ABOUT THIS EXERCISE:
Return the listing that follows exactly, with no pictures included.

EXERCISE INPUTS:
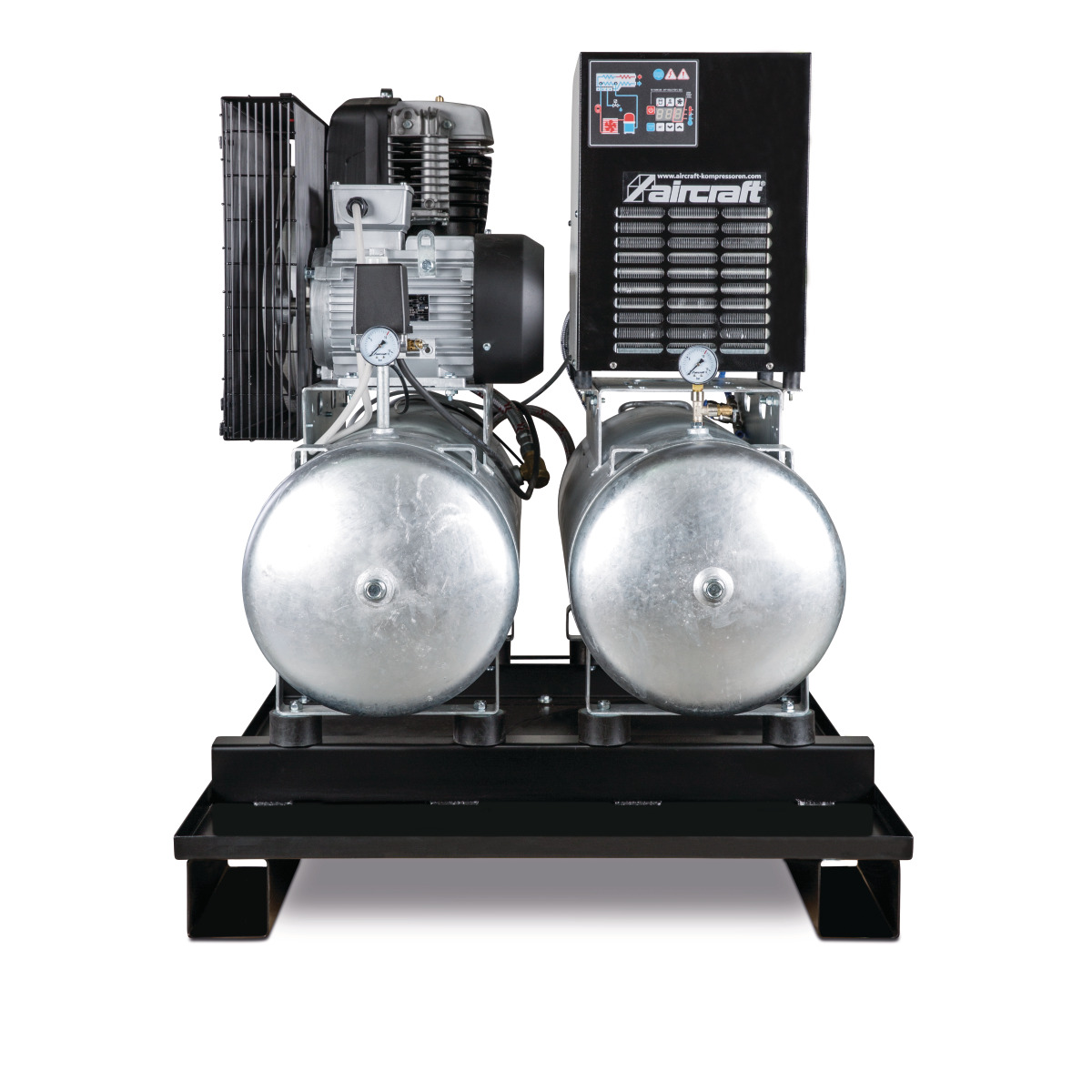 Aircraft Stationärer Kolbenkompressor mit 2x 100 Liter-Druckluftbehältern und Kältetrockner AIRPROFI DUO 703/2x100/10 K Produktbild img4 L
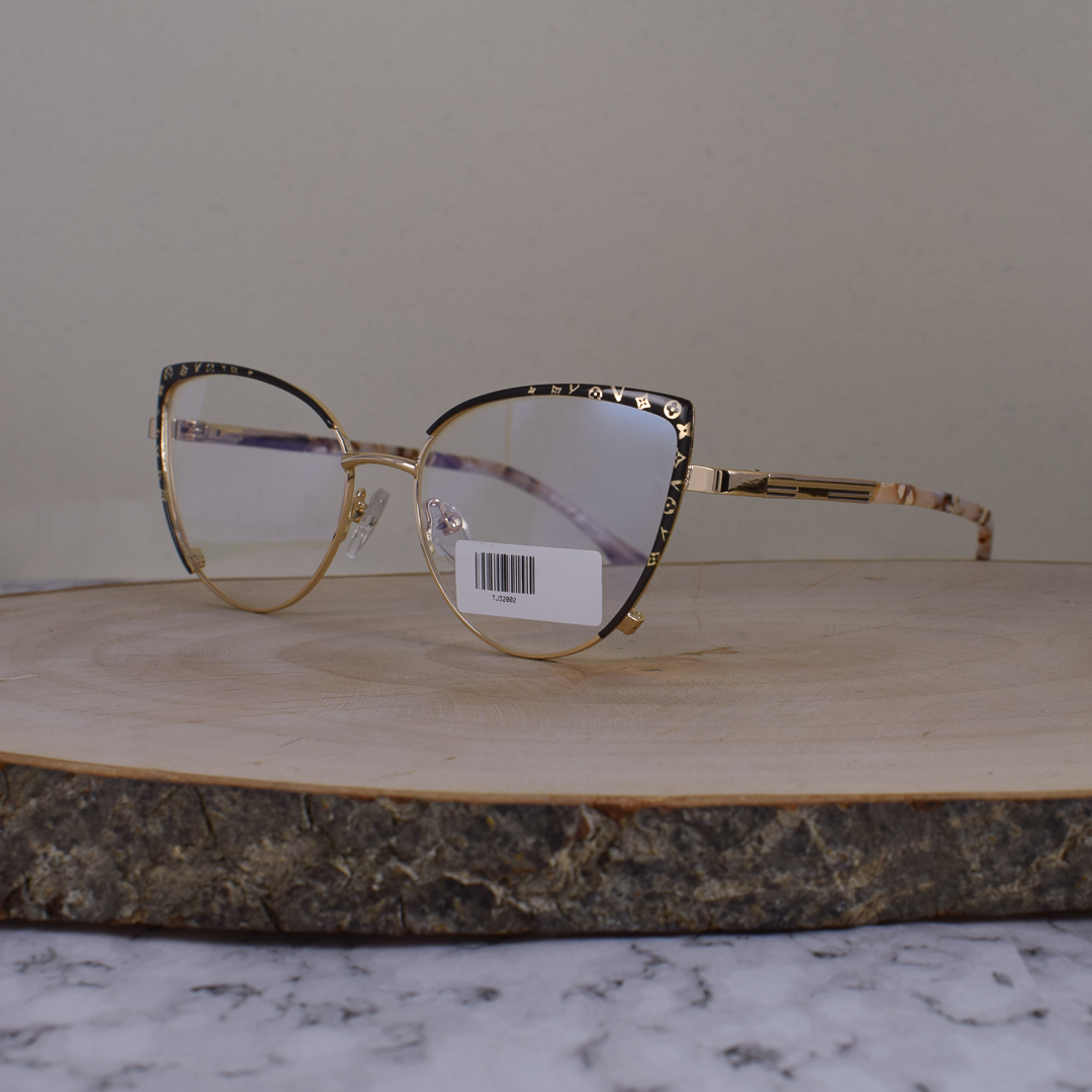 ZEN TJ32002 C6 Metálica Agatada Dorada Café Detallado Flex Brazo Metálico Ornamentado Terminal Acetato Café Beige Marmoleado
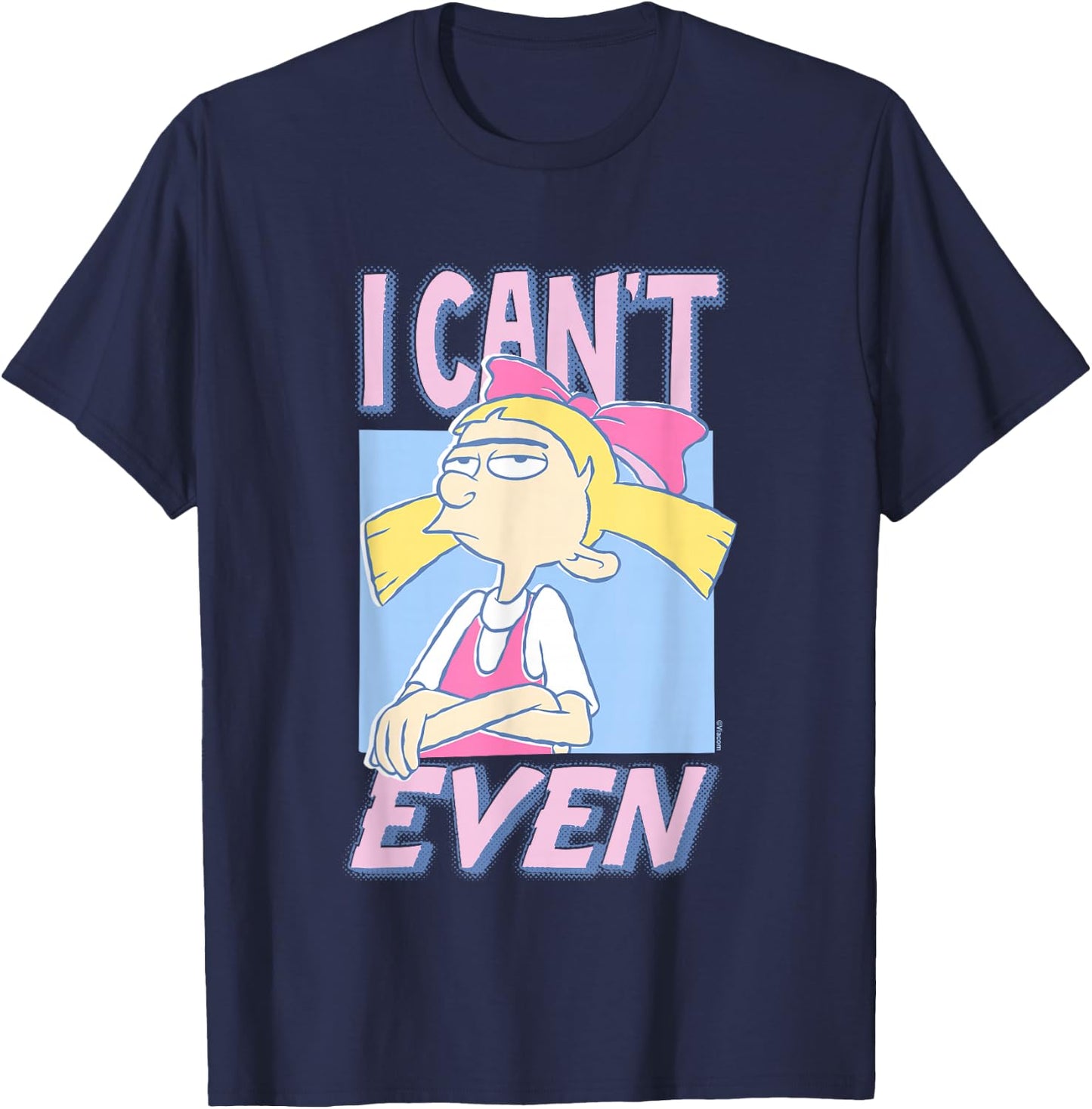 Hey Arnold! Iconic Helga Pataki I Can't Even Big Chest Logo T-Shirt - T-Shirt | Navy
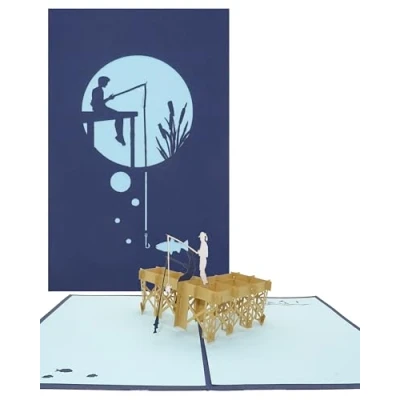 Abbildung von Pop Up Karte Angeln Angelausflug 3D Geburtstagskarte, Postkarte zum Ruhestand, Fischen, Angelsport Geschenkgutschein und Einladungskarte mit Angler am See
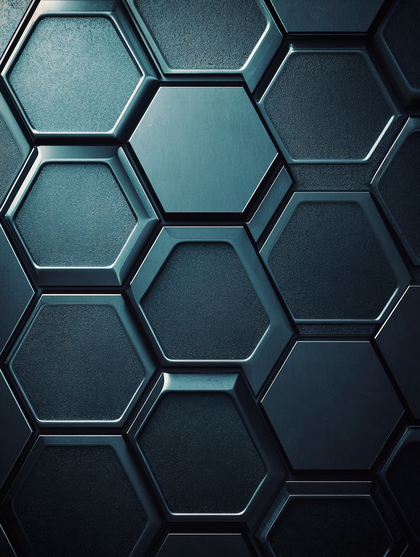 Abstract Hexagon Texture with Glowing Red Lines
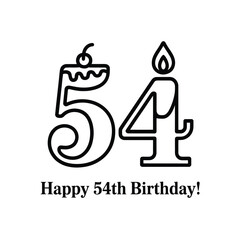 Happy 54th birthday celebration with candle and cake icon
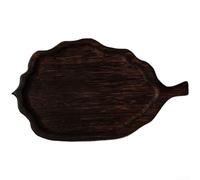 Bandeja de té de madera con motivos botánicos de hojas para uso en servir té y café, hecha de madera de paulownia con diseño minimalista (D)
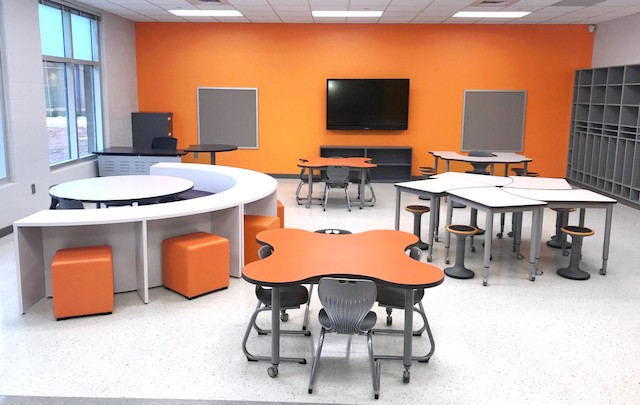Classroom with flexible furniture at West Rowan Elementary School.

RESPONSE TO THIS TASK:
 Aircraft Stationärer Kolbenkompressor mit 2x 100 Liter-Druckluftbehältern und Kältetrockner AIRPROFI DUO 703/2x100/10 K Produktbild img4 L
 ZEN TJ32002 C6 Metálica Agatada Dorada Café Detallado Flex Brazo Metálico Ornamentado Terminal Acetato Café Beige Marmoleado
 Hey Arnold! Iconic Helga Pataki I Can't Even Big Chest Logo T-Shirt - T-Shirt | Navy
 Abbildung von Pop Up Karte Angeln Angelausflug 3D Geburtstagskarte, Postkarte zum Ruhestand, Fischen, Angelsport Geschenkgutschein und Einladungskarte mit Angler am See
 Abstract Hexagon Texture with Glowing Red Lines
 Happy 54th birthday celebration with candle and cake icon
 Bandeja de té de madera con motivos botánicos de hojas para uso en servir té y café, hecha de madera de paulownia con diseño minimalista (D)
Classroom with flexible furniture at West Rowan Elementary School.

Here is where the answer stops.